Tranquilidade agrícola escapa das mãos de novo presidente da Argentina
Alberto Fernández assume a presidência da Argentina na terça-feira com a esperança de impulsionar as exportações para estimular o crescimento e pagar dívidas. Porém, assim que for dada a largada para seu mandato de quatro anos, Fernández terá que enfrentar um grande obstáculo no agronegócio, que responde por mais de 30% dos embarques.
A seca devastou plantações de trigo e cevada no cinturão dos Pampas, que gera receitas importantes de exportação no período da nova temporada. O trigo é vendido principalmente para moinhos no Brasil.
A cevada é exportada para a Arábia Saudita para ração de camelos. E a maior parte do que resta para colher em campos ressecados já foi negociada por agricultores experientes, o que significa que o plano de Fernández de ficar com uma fatia do bolo aumentando os impostos de exportação será, em grande, parte inútil.

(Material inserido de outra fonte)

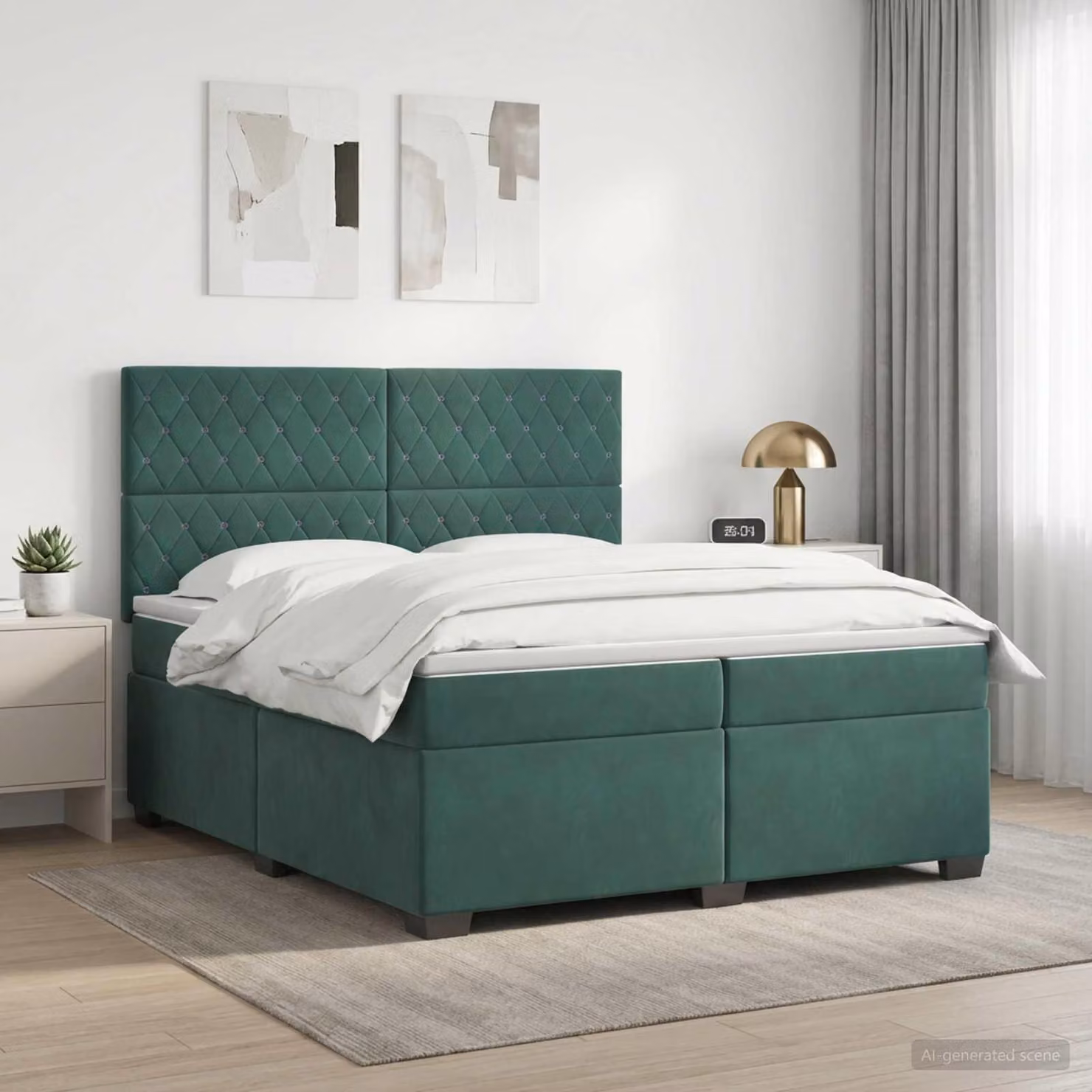 Maison Exclusive - Letto boxspring con materasso verde scuro 200 x 200 cm in velluto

No caso de Claudio Sánchez, agricultor de Frapal, na província de Buenos Aires, suas plantações de trigo, espalhadas por 4 mil hectares, devem render 40% menos que no ano passado.
Ele já vendeu cerca de 70% dos grãos ainda sem colher para exportadores em contratos futuros. Isso significa que Sánchez paga o imposto atual de exportação de quase 7%, em vez da taxa mais alta esperada sob o comando de Fernández.

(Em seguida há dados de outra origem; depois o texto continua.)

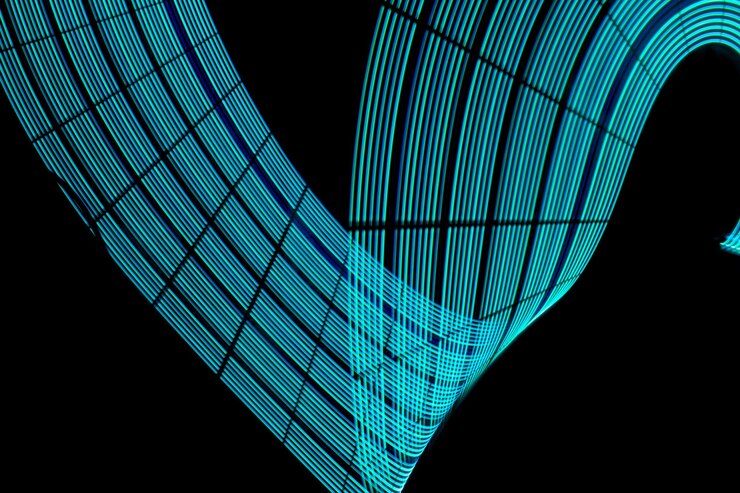 Foto curvas abstractas de luz congelada hechas por luces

A seca reverteu os prognósticos de uma colheita recorde de trigo. Na Bolsa de Cereais de Buenos Aires, a estimativa diminuiu 12% desde o início da temporada, para 18,5 milhões de toneladas.

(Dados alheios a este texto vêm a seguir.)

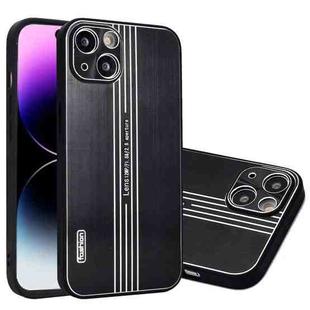 For iPhone 14 Plus Metal Brushed Texture Phone Case(Black)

Ainda é uma boa colheita, colocando a Argentina à frente da Austrália, sua rival do hemisfério sul. No entanto, uma safra maior seria melhor para Fernández, que precisa de toda a ajuda possível para tirar o país da recessão e honrar os pagamentos de títulos.
“Para mim, a coisa mais importante para a Argentina no período que virá é trazer dólares”, disse Fernández ao anunciar o ministro da Agricultura em 6 de dezembro. “Temos que desenvolver o setor agrícola o máximo que pudermos.”
As exportações de trigo e cevada devem trazer receita de apenas US$ 2,9 bilhões nesta temporada, segundo Agustin Tejeda, economista-chefe da Bolsa de Buenos Aires. Na temporada passada, a receita encostou em US$ 4 bilhões.
O clima seco também está ameaçando as culturas mais rentáveis da Argentina – soja e milho, que estão sendo semeados nos Pampas. Chuvas recentes restauraram a umidade do solo, permitindo a semeadura. Mas as preocupações para os próximos meses, quando as plantas crescerem, permanecem.
Sánchez, que plantou milho, diz que Frapal enfrenta um dos cinco anos mais secos desde que os dados começaram a ser monitorados em 1967. “Ainda é muito, muito cedo, mas teremos que ficar de olho na previsão de chuvas na Argentina”, disse Jacob Christy, trader da Andersons, em vídeo publicado on-line.
Não é apenas o trigo que está sendo negociado agora para evitar um provável aumento nos impostos de exportação. Sánchez se uniu a uma multidão de agricultores que venderam milho recém-plantado em contratos futuros e que precificaram estoques de grãos da última temporada.
Como resultado, 14,7 milhões de toneladas de milho que ainda não foram colhidas já estão listadas no registro de exportações da Argentina, mais do que o triplo no mesmo estágio no ano passado. Cerca de 75% da colheita passada também está listada, em comparação com apenas 58% um ano atrás.
Olhando para o futuro, agricultores alertam que, se Fernández se empenhar demais nos impostos sobre exportações para aumentar as receitas fiscais, seu plano de elevar as exportações virá por água abaixo.
“Não mate a galinha dos ovos de ouro”, disse Ignacio Philipp, agricultor de Bahía Blanca, província de Buenos Aires. “É preciso alimentá-la.”